The Washington firm of Schertler & Onorato LLP claimed Birkenfeld owed it 12.5 percent of any whistle-blower award he got from the Internal Revenue Service. Birkenfeld sued the firm in Superior Court of the District of Columbia, claiming it mishandled his case. Both cases were dismissed yesterday, court records show. Terms weren’t disclosed.

“The parties to this litigation hereby notify the court that this case has been settled,” lawyers for Birkenfeld and Schertler & Onorato wrote in a filing yesterday in Superior Court.

In a separate filing in federal court in the District of Columbia, the lawyers said Birkenfeld agreed to dismiss “the arbitration of the fee dispute filed before the D.C. Attorney-Client Arbitration Board.”

Birkenfeld hired Schertler & Onorato in 2006 to help him tell the U.S. how UBS used Swiss bank secrecy to cheat the IRS. Birkenfeld told his story the next year to the IRS, the U.S. Justice Department, the U.S. Senate and the Securities and Exchange Commission. He agreed in October 2007 to pay the law firm 12.5 percent of any IRS whistle-blower award, according to court documents.

Guilty Plea

Birkenfeld served 31 months in prison after pleading guilty to conspiracy and was released in August 2012, six weeks before the IRS gave him the largest federal whistle-blower award for an individual. Birkenfeld had fired Schertler & Onorato in 2008, and his new law firm, Washington-based Kohn, Kohn & Colapinto LLP, said the 12.5 percent accord is no longer binding.

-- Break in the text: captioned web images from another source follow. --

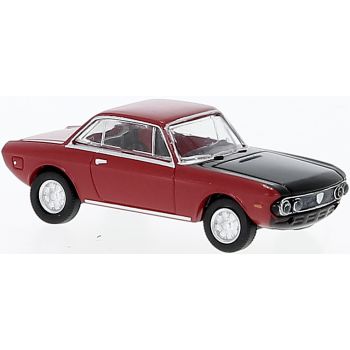 Lancia Fulvia Coupe HF, rot/schwarz, Baujahr 1970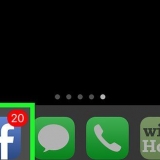 Criar uma nova conta do facebook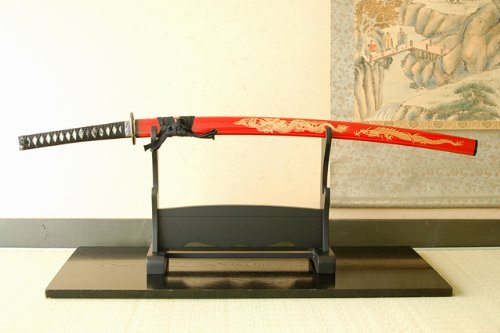美術刀剣-模造刀　前田利家の愛刀『犬千代』拵え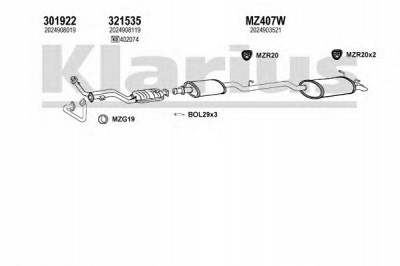 KLARIUS 600543u -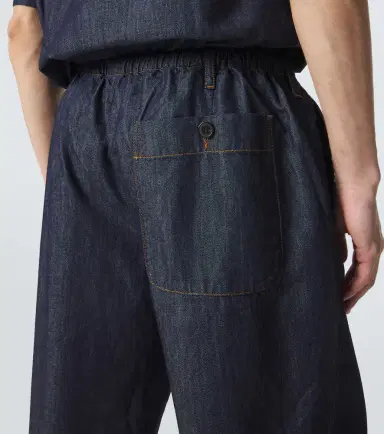 Dries Van Noten Straight jeans | Thumbnail 4 Dries Van Noten Straight jeans | Thumbnail 4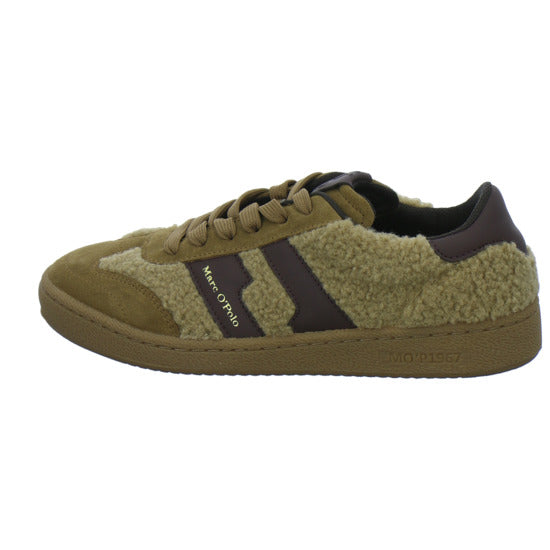 Marc O` Polo Sneaker Damen Court Hellbraun
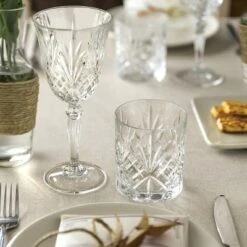 Lorren Home Trends Crystal Double Old Fashioned Glass Set Of 6 -Northlight Shop GUEST dc1215a8 7b05 4bdd b15d 6b229a49bb92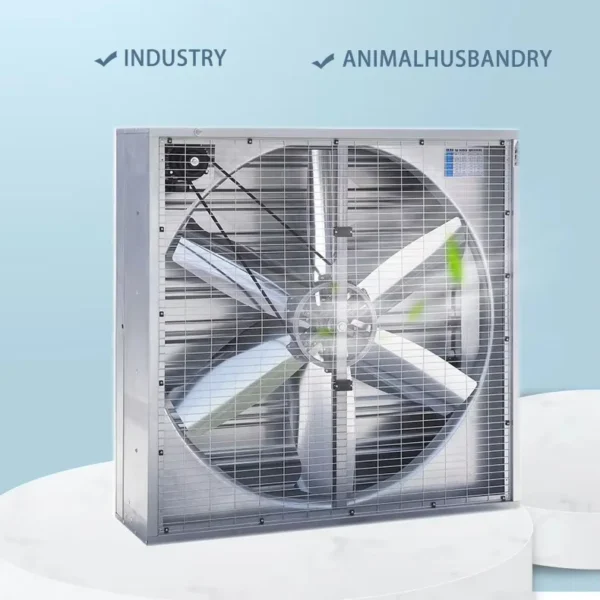 Explosion-proof High-temperature Axial Fan, Stainless, Steel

Birkenfeld’s impact on Zurich-based UBS, the largest bank in Switzerland, is undisputed. A neurosurgeon’s son from Brookline, Massachusetts, he spent 15 year in Swiss banking, including five at UBS. He was one of as many as 60 UBS employees who trolled the U.S. for rich clients, even though the bankers lacked required SEC licenses, he told Senate investigators. They visited art shows, yachting regattas and golf and tennis tournaments, he said.

Conspiracy Charge

Prosecutors have said Birkenfeld’s disclosures led them to charge UBS in 2009 with conspiracy. The bank avoided prosecution by paying $780 million, admitting it fostered tax evasion from 2000 to 2007, and turning over data on 250 Swiss accounts. UBS later agreed to provide information on another 4,450 accounts. Since then, at least 38,000 Americans voluntarily disclosed offshore accounts to the IRS, generating more than $5.5 billion in tax revenue.

The IRS said Birkenfeld provided “exceptional cooperation,” gave information on taxpayer behavior that the agency hadn’t detected, and led to substantial changes in UBS practices, according to an agency explanation released by Stephen Kohn of Kohn, Kohn & Colapinto.

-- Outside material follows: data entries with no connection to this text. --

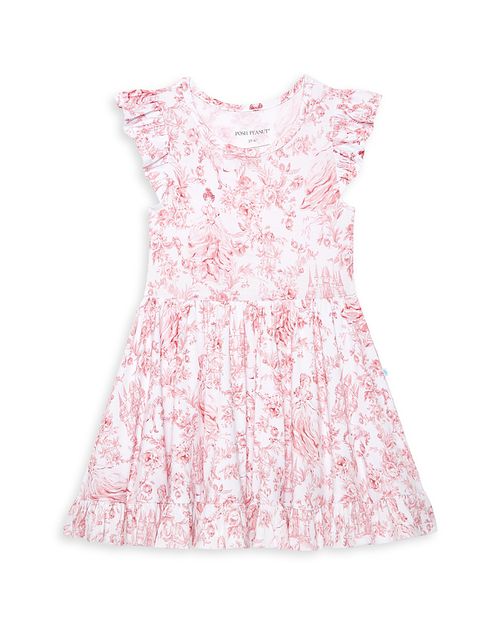 Girls' Antoinette Ruffled Twirl Dress - Little Kid, Big Kid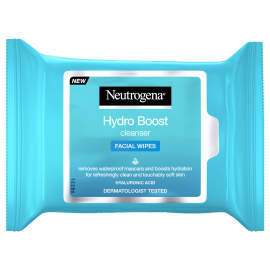 Neutrogena HydroBoost Cleanser Facial Wipes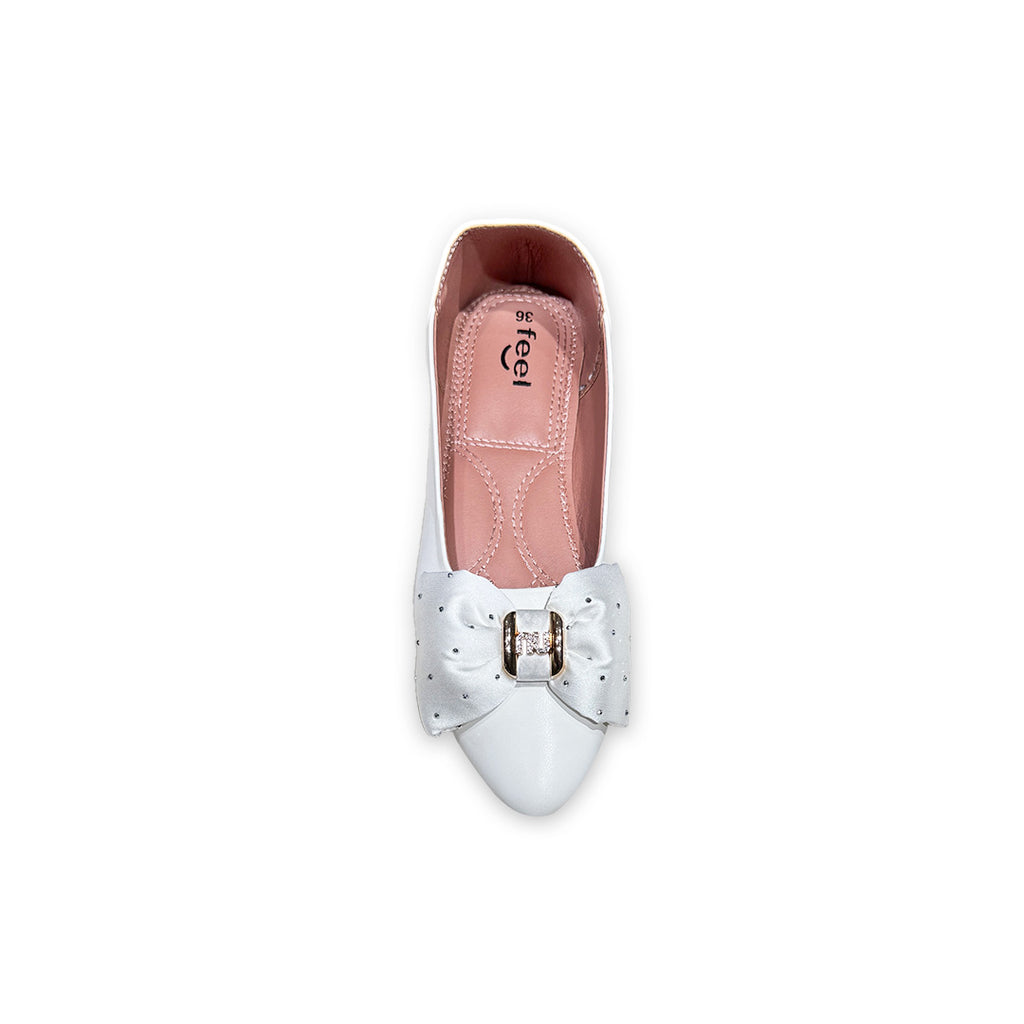 Women Bow Pumps-736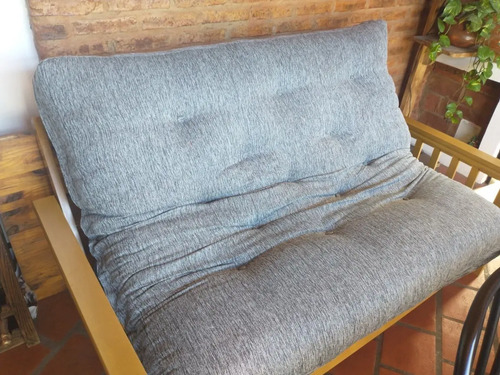 Solo Colchon Para Futon 1.90- Comun- Eco Cuero
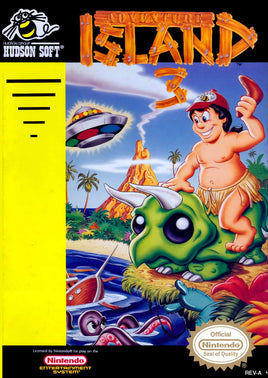 Adventure Island 3 (As Is) (In Box)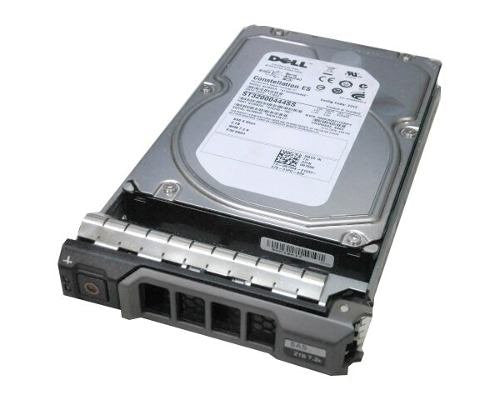 Dell 0R755K 2TB Hard Drive SAS 6Gbps 7.2K RPM 3.5" LFF for PowerEdge Servers
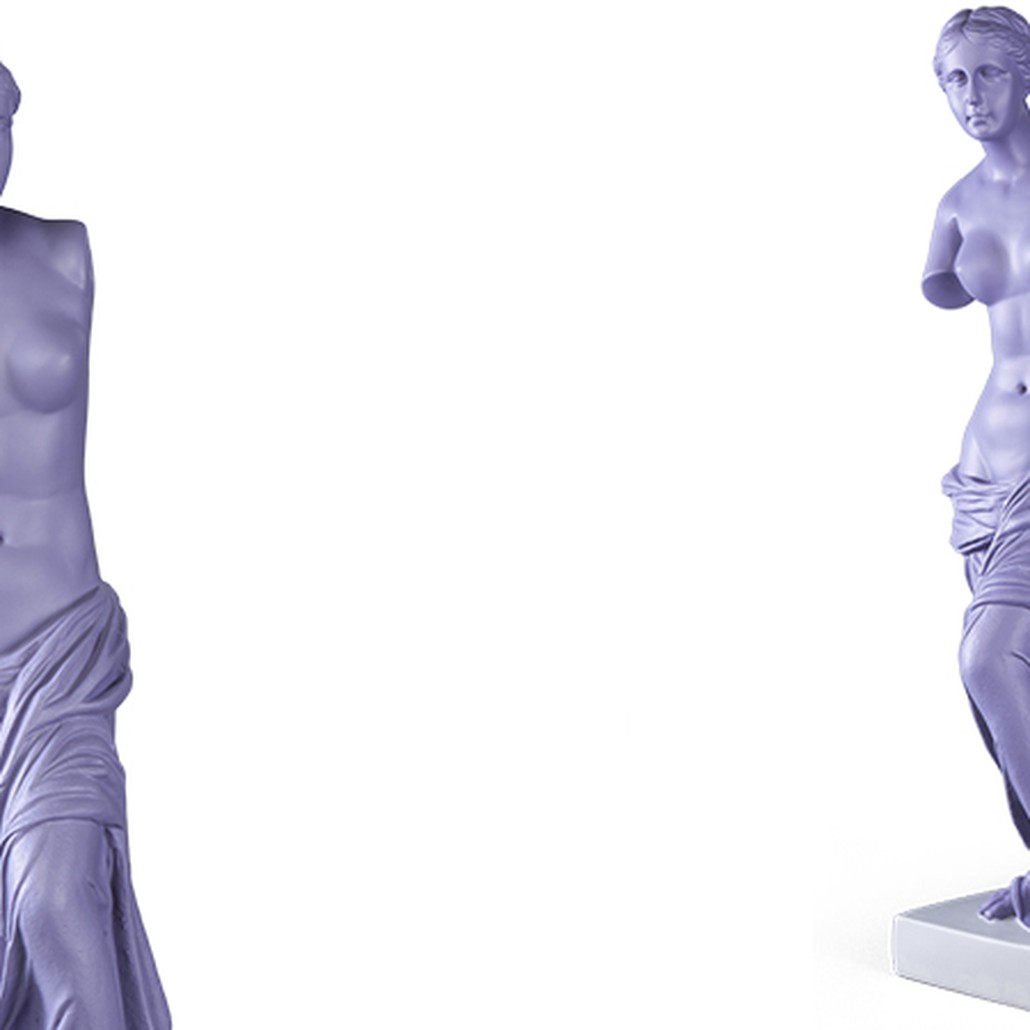 Статуэтка Venus Purple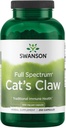Garra de gato de espectro completo Swanson - Soporte antioxidante - Movimiento y flexibilidad Soporte 500 mg 250 cápsulas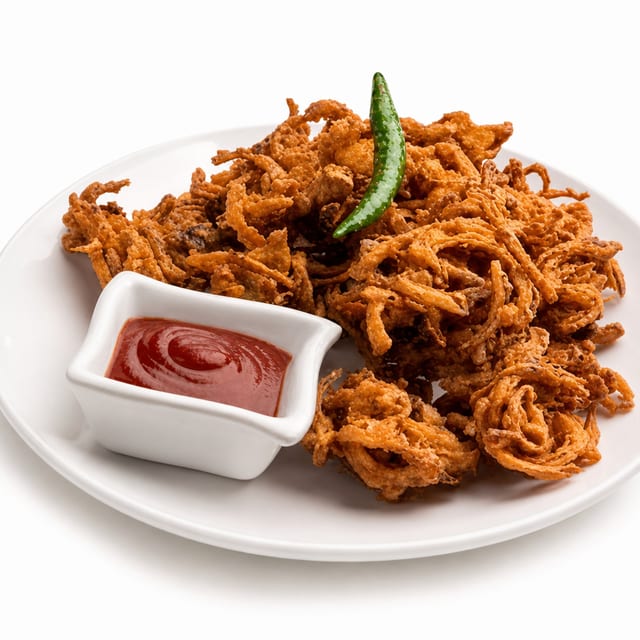 Onion Bhaji.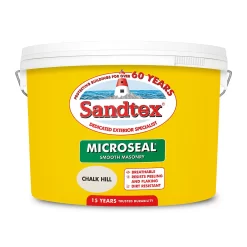 Sandtex® Ultra Smooth Masonry Paint Chalk Hill - 10L -Furniture Series Store 12841188 1074872086310135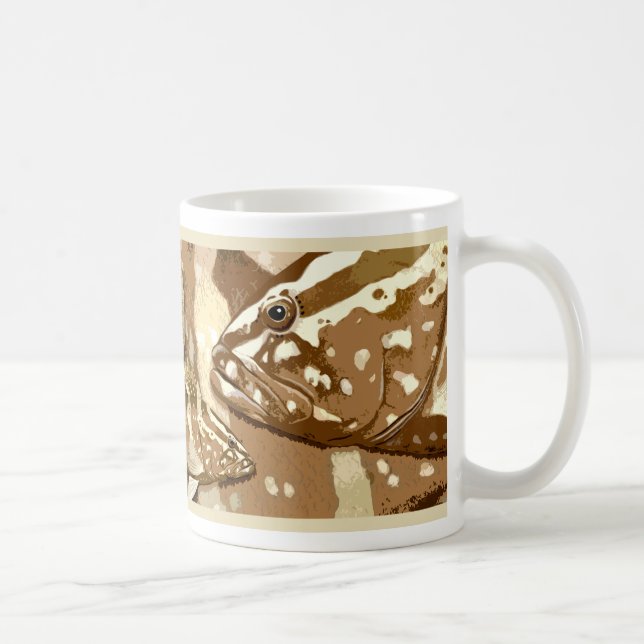 Tasse de mérou de Nassau (Droite)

While he sat in prison in Minersville, Pennsylvania, Birkenfeld filed a lawsuit accusing Schertler & Onorato of malpractice and breach of fiduciary duty. The complaint, filed in August 2011 without a lawyer in Superior Court, sought $10 million in damages.

Birkenfeld claimed the firm mishandled negotiations with the Justice Department, which refused in 2007 to grant him either immunity or a subpoena he said he needed to reveal information otherwise protected by Swiss law.

Federal Suit

When prosecutors charged him in 2008, they said he wasn’t truthful about his own role in helping a billionaire client break the law.

Birkenfeld also sued in federal court in Washington, claiming Schertler & Onorato violated his constitutional rights in May 2008 when he met with prosecutors two days after his arrest. At that meeting and in other instances, Birkenfeld claimed, a prosecutor said he couldn’t meet with Senate or SEC investigators, and his lawyer didn’t respond, violating Birkenfeld’s right to free speech and his right to due process.

In October 2011, Schertler & Onorato denied Birkenfeld’s allegations and filed a counterclaim, saying he didn’t give his lawyers “complete information about the extent of his illegal conduct and activities.”

‘Complex’ Process

That counterclaim said a Schertler lawyer gave a Form 211, titled an “Application for Reward for Original Information,” to IRS agent Matthew Kutz at a meeting on June 12, 2007. A copy of the form, provided last year to Bloomberg News by Schertler & Onorato, shows it was signed by Birkenfeld and given “through counsel” to Kutz “in person.”

Schertler & Onorato helped Birkenfeld “navigate the complex and evolving” process at the “newly formed IRS Whistleblower Office,” according an October 2011 court filing by the firm.

A retainer letter, sent on Oct. 23, 2007, outlined the 12.5 percent whistle-blower fee and a cap on hourly fees at $80,000, according to the firm’s counterclaim.

Birkenfeld also signed a second representation letter on May 9, 2008, for the firm to represent him after his arrest. It called for an advance of $50,000.

In his December 2010 letter to Schertler, Colapinto said Birkenfeld’s second retainer letter superseded the first one, which meant the firm “relinquished its financial interest” in the whistle-blower award. It also referenced an IRS Form 211 filed in 2007.

‘No Evidence’

“There is no evidence that your firm performed any work on that claim or that your firm perfected the claim as required by either the statute or IRS regulations governing the whistle-blower reward program,” Colapinto wrote.

Birkenfeld’s brother, Doug, didn’t respond to an e-mail asking whether Bradley would comment on the fee dispute. Attorney David Schertler, of Schertler & Onorato, didn’t immediately respond to a request for comment.

The cases are Birkenfeld v. Schertler & Onorato, 11-cv-1529, U.S. District Court, District of Columbia (Washington); and Birkenfeld v. Schertler & Onorato LLP, 2011-CA-6905, District of Columbia Superior Court (Washington).